At his coronation he made haste to display his piety by kneeling before the altar and proclaiming that he dedicated his crown and himself to the service of God, who had raised him to the empire. He called a general council of the Church, at which small concessions were made to the Latins. These, however, led to no permanent reconciliation. The emperor resumed some of the lavish gifts made by the drunken Michael to his favourites, and in this way collected 30,000 pounds weight of gold without taxation. He never, indeed, increased the taxes—a policy which largely contributed to the popularity which clung to his race for more than a hundred years. He published first a new Manual of Law, and subsequently a complete new code called the Revision of the Old Law; and he maintained the army in efficiency. The wars of his reign were those which were waged with the Saracens, and a military expedition against the Paulicians. Basil extended the power of the empire in Italy, lost Syracuse, and regained Cyprus, which he held only for seven years.
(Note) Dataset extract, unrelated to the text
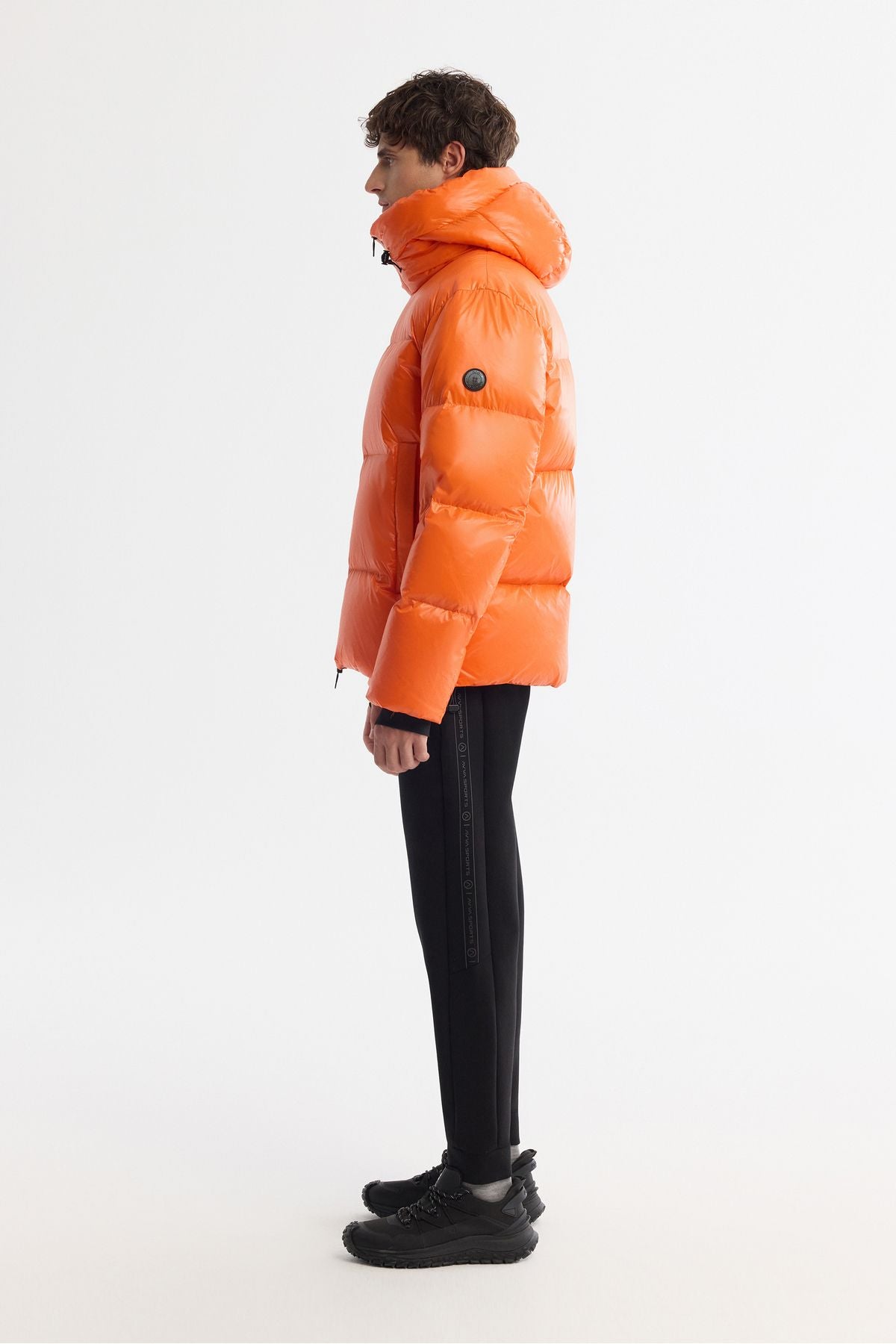 Men's orange hooded goose feather water repulsive windproof -20 degrees resistant swelling coat A42y6182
He received a visit while emperor from Danielis, a Peloponnesian matron, to whom he owed his first rise from the lowest rank of society. She brought him splendid gifts, including hundreds of young men, eunuchs, and girls, for the service of the imperial household, immense stores of rich drapery and woven stuffs, and a service of cups, plates, and dishes in gold and silver. After Basil's death she made Leo VI. heir to her prodigious wealth. One wonders if there were many ladies of the Peloponnese so richly endowed. Her slaves were so numerous that the emperor sent 3,000 of them into Apulia to cultivate the land; and her estates were so vast, that after paying all the numerous legacies, her heir remained the possessor of eight villages.

Basil was carried off by a fever, the result of an accident in the hunting field. The suspicion and ferocity of his character are shown by the fact that he caused the servant who saved his life by cutting him free from the boar, whose antlers had caught in the bridle, to be beheaded. Thus he ended his reign as he began it, a murderer.
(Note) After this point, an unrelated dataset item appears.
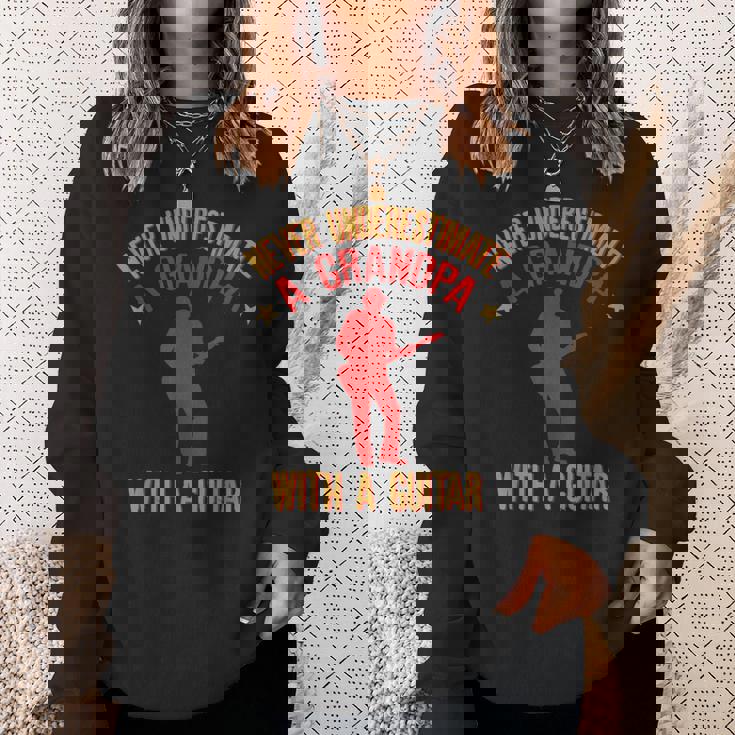 ギターを持ったおじいちゃんを決して過小評価しないでください スウェットシャツ 彼女への贈り物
He was succeeded by his son, Leo VI., the Philosopher. Leo reigned in comparative tranquillity for twenty-five years. The Saracen fleets ravaged fearfully the seaboard of the empire, and even succeeded in taking the important city of Thessalonica, and carrying off 22,000 of the inhabitants as prisoners. The frontier wars in Asia were still waged with success on neither side; and after seventy years of peace between the Bulgarians and the Greeks, war again broke out with that prosperous nation. It was disastrous to the Byzantine arms. The Bulgarians defeated the troops sent against them, and cut off the noses of all the prisoners. Twice again Leo's armies were defeated before peace was concluded.

Stringent rules were passed during Leo's reign on the observance of the Sunday. The suspension of all civil business on that day had been ordered long ago by Constantine: one by one, exemptions were permitted. During the iconoclastic quarrels both sides were eager to show their piety by scrupulously regarding Sunday. Leo ordered that these exemptions should all be revoked: not even necessary agricultural work was allowed.

The long reign of Constantine VII., who succeeded his father at the age of eight, offers few events of interest connected with the city. His uncle Alexander assumed the regency, but died within a year. The Empress Zoe became regent. Then began the customary revolts and intrigues of generals ambitious to become colleagues on the imperial throne. Constantine Ducas took the lead. He repaired secretly to Constantinople, where the revolt had been already prepared: he was immediately proclaimed emperor, and with such troops as his friends could raise, he hastened to the palace of Chalke, intending to seize on the young emperor. But the faithful English guards were true to their duty, and the rebels were repulsed after a sanguinary fight, in which 3,000 were slain, including Constantine Ducas himself. Then the Bulgarians gave trouble, their king marching up even to the very gates of Constantinople[1] without opposition. Zoe sent one of the finest armies which ever left Constantinople to carry the struggle into the Bulgarian territory. It was cut all to pieces. Then followed a sort of race between Leo Phocas, the general who lost this battle, and Romanus, the admiral who helped to lose it, for the dignity of co-emperor. It was won by Romanus, whose daughter the young emperor married. Romanus, thus arrived at the object of his ambition, proceeded to name his three sons as joint emperors with himself, putting Constantine in the fifth place. Unfortunately for Romanus, his strength was not equal to his ambition. One of the sons died; the other two, dreading that their father would restore Constantine to the first place, deposed him and sent him to a monastery. They were themselves immediately afterwards deposed and sent to join their father. A pleasing picture is sketched by Gibbon of the old emperor greeting his sons with unbounded satisfaction, congratulating them on their exchange of a temporal for a heavenly kingdom, and cheerfully inviting them to share in his bread of repentance and water of affliction.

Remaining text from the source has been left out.